GÜZEL ŞEYLER OLUYOR...
Liyakat.
İşi bilenin, hak edenin kendi uzmanlık alanında görevlendirilmesi.
Diline, dinine, rengine, kaşına gözüne bakılmaksızın.
Senin baban benim için bir zamanlar… demeden,
Sen de bizden sayılırsın bir bakıma, demeden,
Seni işe almayacağım da… Para ele gideceğine… demeden.

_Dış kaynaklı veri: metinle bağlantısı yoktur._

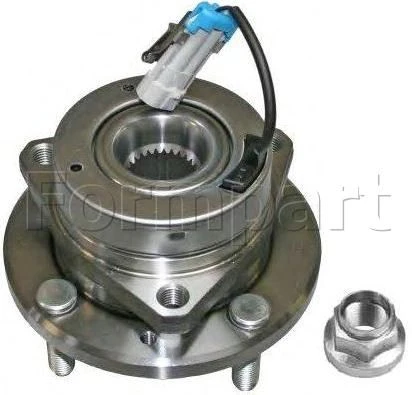 Chevrolet On Teker Poryası Evanda Epica - Formpart 56498009/k ürün görseli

Okuması yazması varsa tamam.
Yıllar yılı yapılagelen bu. Ne yazık ki bu.
Sonra?
Basından yayından, halkla ilişkilerden sorumluyum belediyede böbürlenmeleri, ben bilirim kibirlenmeleri, onu bunu çekiştirme durup dururken, küçümseme.
Sonra?
Gösterişli yemekler en görkemli mekanlarda; yemeklerde çekilmiş gülen fotoğrafları paylaşmalar sosyal medyada.
Peki iş?
Bir tek o yok işte.
Lafı şuraya getireceğim:
Vahap Seçer zeki ve başarılı bir insan. vesselam.
Bu anlayışı yıktı, bu kötü gidişata dur dedi.
Basın Yayın Daire başkanlığına Duygu Öksüz Canova’yı getirdi.
İyi de yaptı.
Kişinin yaptıkları, yapacaklarının teminatı.
Peki kimdir Duygu Canova?
Mektepli bir gazeteci her şeyden önce; İletişim fakültesi mezunu.
Ankara TRT’ye birincilikle girmiş, Anadolu Ajansında yurt haberler servisinde görev yapmış, bir çok televizyonda çalışmış. Şu bizim Kanal 33 dahil. Mersinlilerin sevgisini, saygısını, taktirini kazanmış.
Londra’da dil eğitimi almış mesela.
Daha ne olsun.
Halkla ilişkiler, basın yayın deyip geçmeyin. Belediyenin, beldenin gözü kulağı o birim.
Belediyede neler oluyor, neler deniyor belediye için. Yıkılanlar, yapılanlar neler. Şehre kimler gelmiş, kimler gitmiş. Sanatsal kültürel etkinlikler, festivaller, konserler… Ve bunların organizasyonu. Tarihi yerler, doğal güzellikler … Videolar, kasetler… Ve tabii ki arşiv.
Az şeyler midir bunlar.
Asla. Aslında olmazsa olmaz çalışmalar.
İşte bu düşüncelerle, bu bilinçle gittik ziyaretine, hayırlı uğurlu olsun demeye, başarılar dilemeye.
Yüzünden eksik etmediği gülümsemesiyle karşıladı bizi, ağırladı.
Düşüncelerini, düşlerini anlattı. Güzel şeyler yapılabileceğinden adı gibi emindi, kararlıydı.
Adı gibi duyguluydu konuşurken, sevecen, kıpır kıpır.
En az onun kadar umutlu, mutlu ayrıldık yanından; Mersin’e de bahar gelmişti nihayet.
Liyakat demiştim ya, cuk oturmuş diyorum şimdi de.
Belediyenin diğer birimlerinde de öyle olduğu kanısı uyandı bende; darısı diğer illerimizin, ilçelerimizin başına.
Yaşasın demokrasi.
Yaşasın demokrat, çağdaş belediyecilik.
Yaşasın liyakat.
Güzel bir beş yıl diyelim biz; daha nice beş yıllara.
Sonuçta Mersin kazanacak, Türkiye kazanacak.
Her şey güzel olacak, eminim, güzel olacak.